* **Prompt**:
Where the line with "Art Of Smoke" appears below, start writing out lines exactly, and finish with the line with "2017 October - Coddington", which is included; write out nothing else.

* **Material provided**:

· · · · · · ·

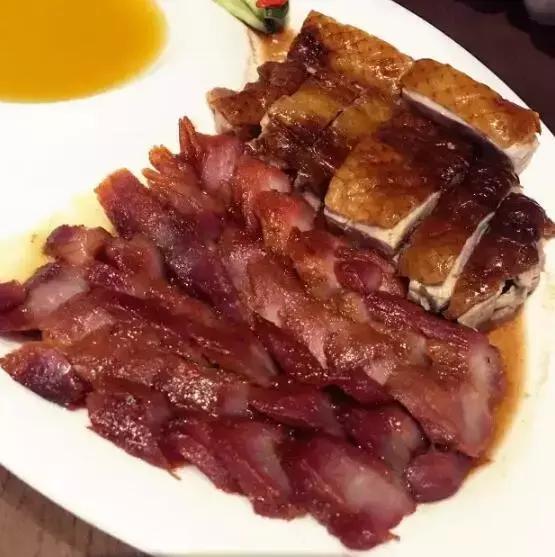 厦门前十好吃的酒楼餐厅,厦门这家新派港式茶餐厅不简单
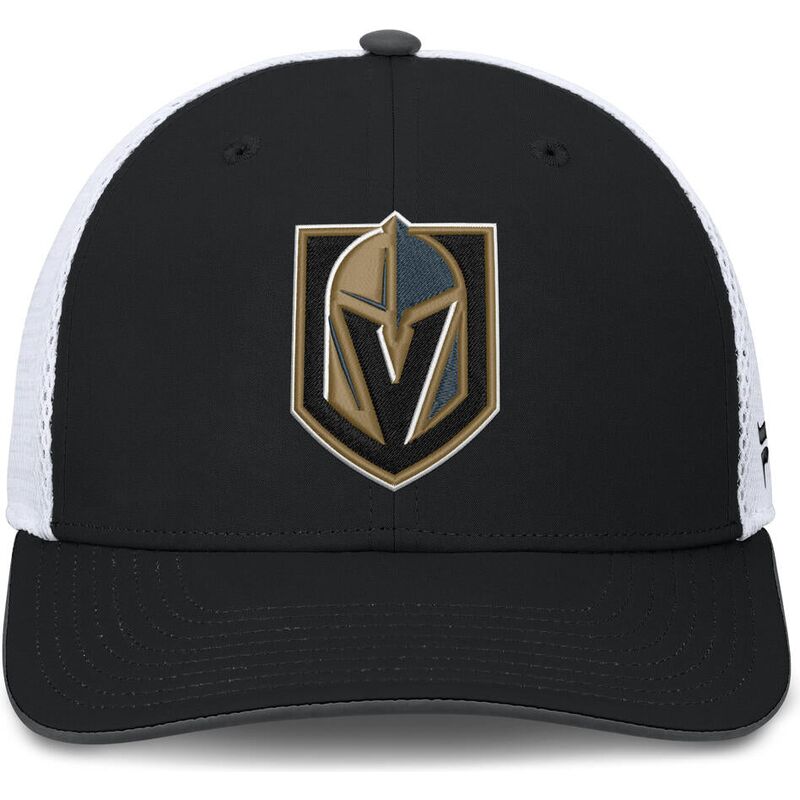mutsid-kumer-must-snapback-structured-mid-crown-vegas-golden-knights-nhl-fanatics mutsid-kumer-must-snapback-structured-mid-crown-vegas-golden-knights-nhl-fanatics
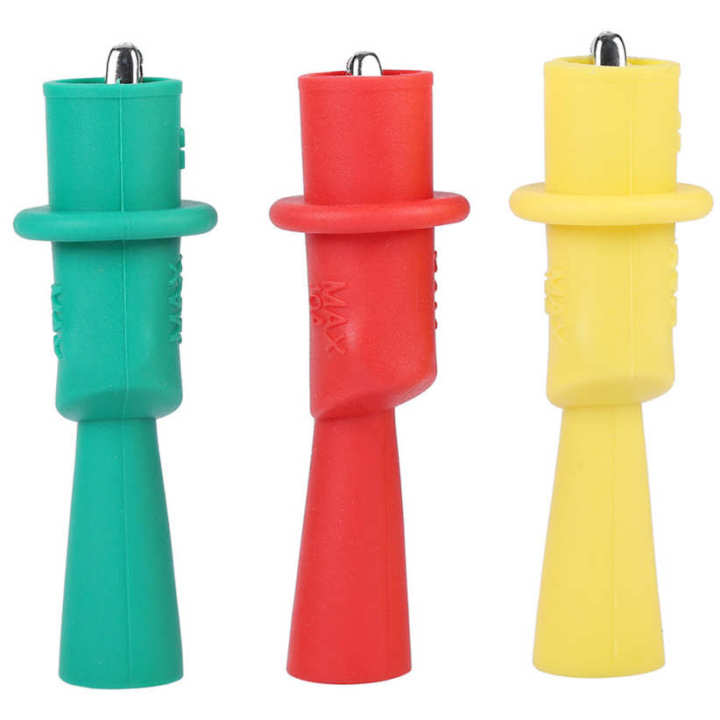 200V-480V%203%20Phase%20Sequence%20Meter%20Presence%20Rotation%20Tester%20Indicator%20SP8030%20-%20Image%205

· · · · · · ·

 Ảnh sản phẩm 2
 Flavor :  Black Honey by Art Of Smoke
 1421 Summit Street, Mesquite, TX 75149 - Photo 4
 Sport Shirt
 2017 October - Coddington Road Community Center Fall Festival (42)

· · · · · · ·

* **Exercise result**:
 Flavor :  Black Honey by Art Of Smoke
 1421 Summit Street, Mesquite, TX 75149 - Photo 4
 Sport Shirt
 2017 October - Coddington Road Community Center Fall Festival (42)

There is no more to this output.